Borlaug made progress even in Sudan, near the dry Sahel, though that project ended with the onset of Sudan’s civil war, in 1992. Only Sasakawa’s foundation came forward with more funds, but although well endowed, it is no World Bank. Environmentalists continued to say that chemical fertilizers would cause an ecological calamity in Africa.

Opponents of high-yield agriculture “took the numbers for water pollution caused by fertilizer runoff in the United States and applied them to Africa, which is totally fallacious,” David Seckler says. “Chemical-fertilizer use in Africa is so tiny you could increase application for decades before causing the environmental side effects we see here. Meanwhile, Africa is ruining its wildlife habitat with slash-and-burn farming, which many commentators romanticize because it is indigenous.”
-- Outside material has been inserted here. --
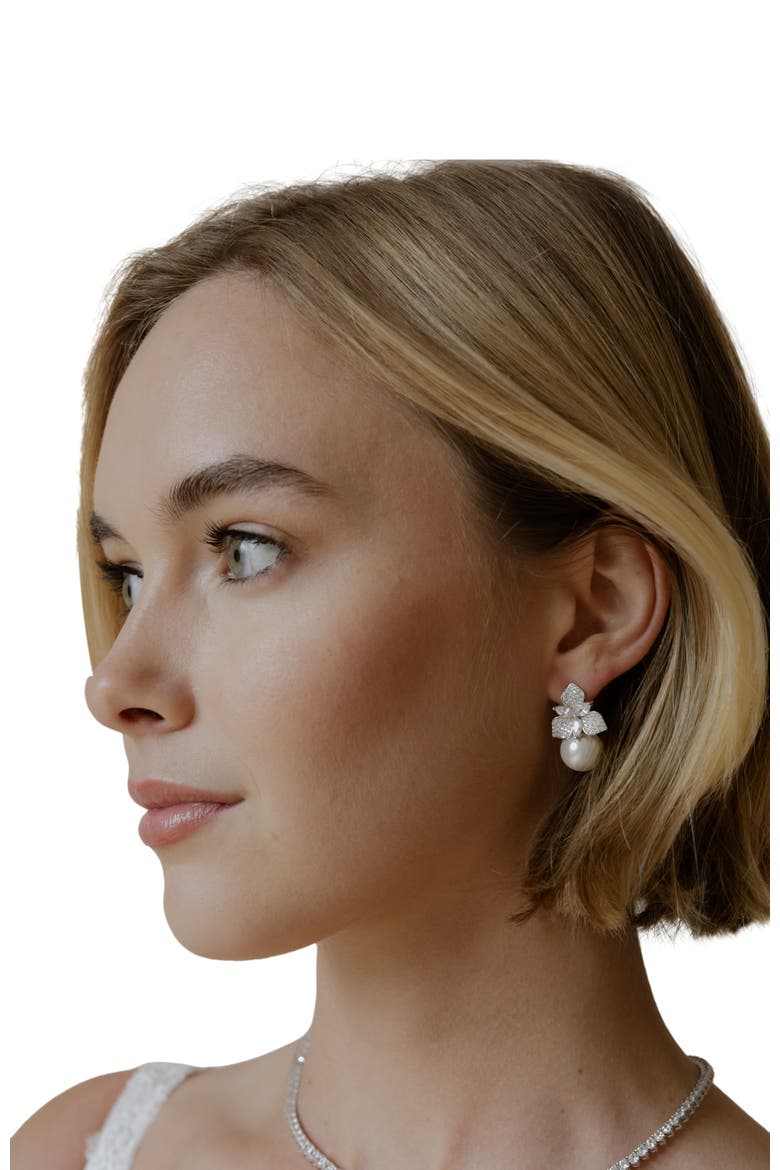 Sophie Pearl Drop Earrings, Alternate, color, Silver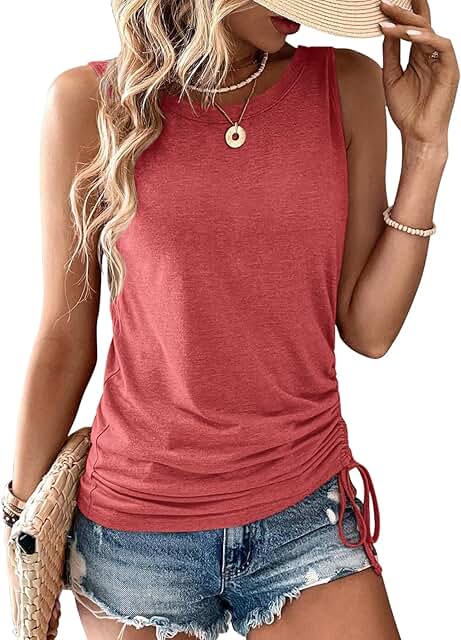 Women's Sleeveless Summer Tank Tops with Crew Neck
From the 1997 Atlantic article: rice yields 1.6 tons per acre in China

1997 Agriculture Yields

Privatization and dwarf rice have enabled China to raise rice yields rapidly to about 1.6 tons per acre — close to the world’s best figure of two tons.
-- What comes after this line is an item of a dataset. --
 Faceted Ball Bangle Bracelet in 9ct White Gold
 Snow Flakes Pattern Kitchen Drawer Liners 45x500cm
Lester Brown, the head of the Worldwatch Institute, an environmental organization, fears that China may soon turn from an agricultural success story into a nation of shortages

2008

Rice plants have been greatly improved over the last three decades. Plant breeders have created plants that mature in 110 days instead 160 which means that regions with warm climates can grow three crops instead of two. The height of the average plant has been reduced from five feet to a stocky three feet, which means that the plant nutrient go into producing grains of rice and are not “wasted” on the stalks that lean over when there is too much weight. In addition, rice plants have been bred and bio-engineered to be resistant to bacterial blight, plant hoppers and stem borders.
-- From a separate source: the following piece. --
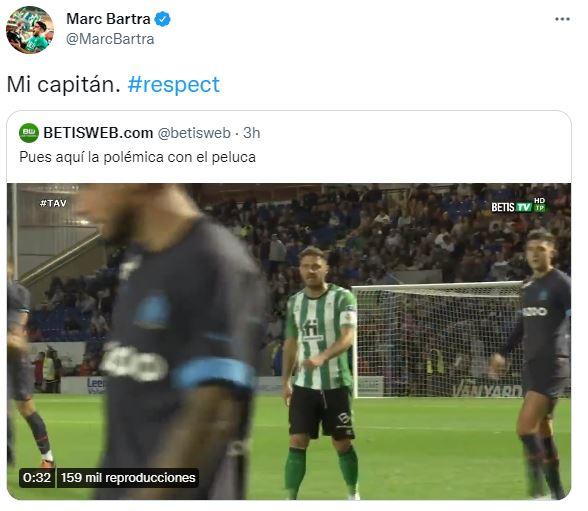 El tuit de Marc Bartra sobre Joaquín Sánchez.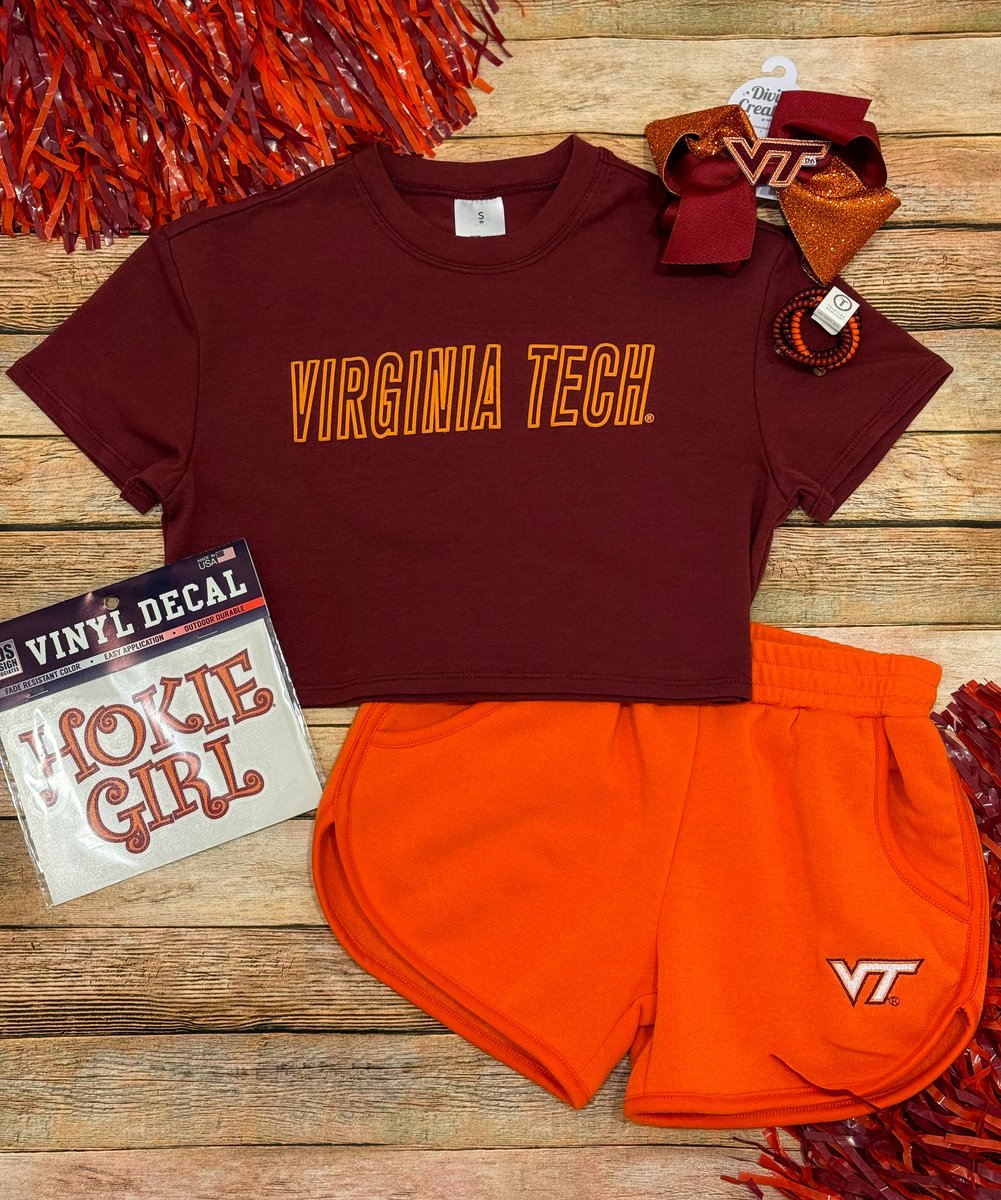 The cutest outfit for the Hokie Girl 🧡 Shop kids &amp; youth gear today!
alumnihall.com/virginia-tech-…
Tall conventional rice plant used before 1968 grew in 140-180 days and yielded between 0.6 and 1.4 tons per acre. Modern rice grows in 110-140 days, produces 100 seeds per panicle, and yields between 2.4 and 4.0 tons per acre.

2020 Agriculture

By the year 2020 it is believed the world’s rice crop will increase by an additional 60 percent. Current dwarf varieties have 15 productive panicles, or seed clusters per stalk (out 25 or so total stalks) that produce about 100 grains (seeds) each. New strains will have fewer, but stronger and thicker, stalks that will yield 200 or more grains each. These new plants are expected to account for most of the increased productivity

There is a project to re-engineer photosynthesis in rice to increase yields

There is work to enable plants to survive on the moon and Mars. Success or anywhere close to success will also mean plants that can grow in deserts on earth.

Technology and economic growth has been occuring in Africa and looks promising.